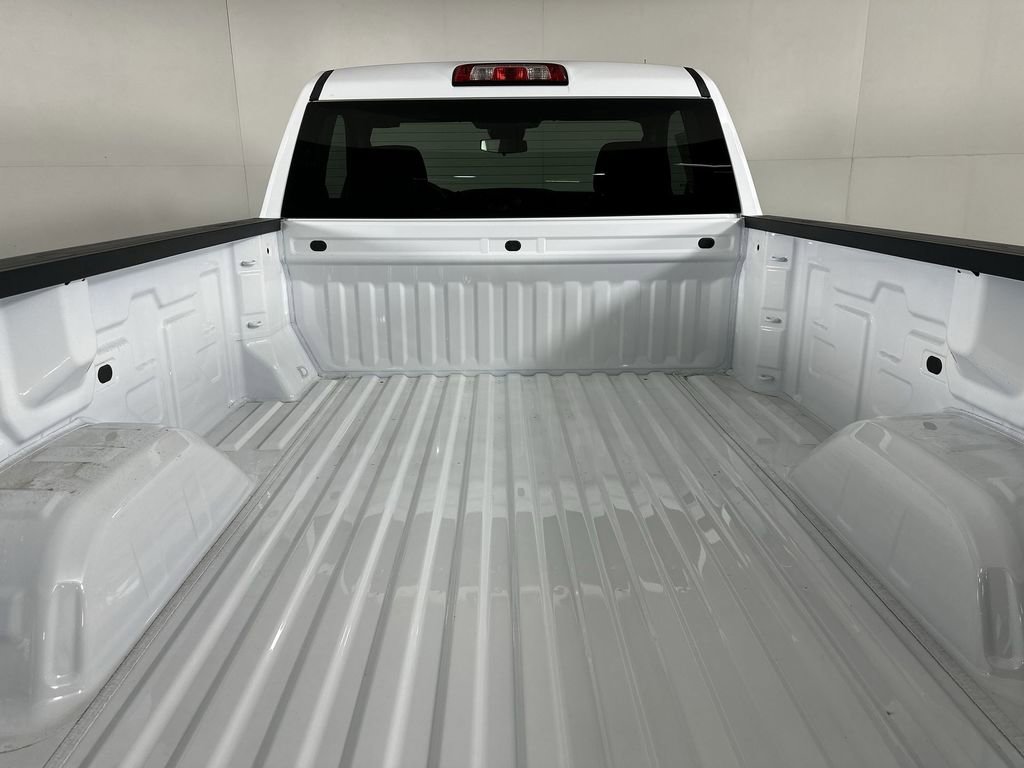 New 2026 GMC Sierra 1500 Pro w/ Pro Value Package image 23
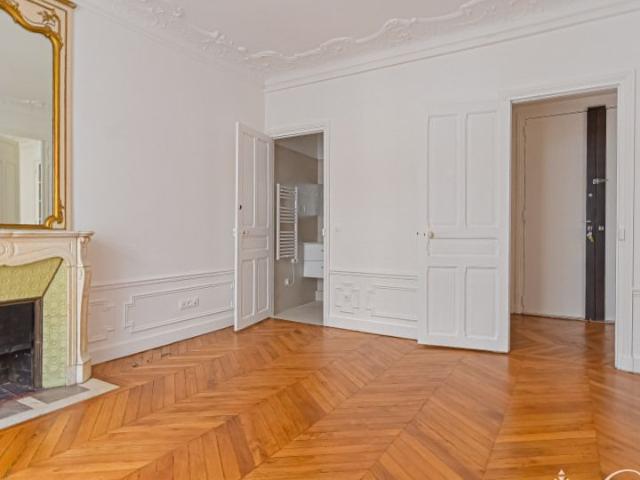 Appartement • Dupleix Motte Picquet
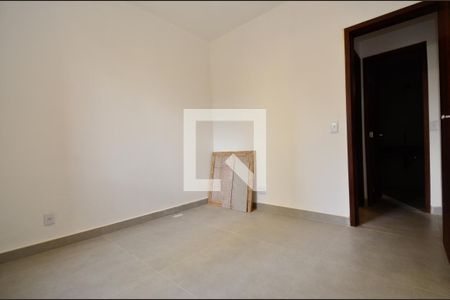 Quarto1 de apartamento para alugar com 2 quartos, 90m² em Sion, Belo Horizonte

* * * * * * * * *

● About this task: Write out all the data exactly, minus pictures.

● Response:
 New 2026 GMC Sierra 1500 Pro w/ Pro Value Package image 23
 Appartement • Dupleix Motte Picquet
 Quarto1 de apartamento para alugar com 2 quartos, 90m² em Sion, Belo Horizonte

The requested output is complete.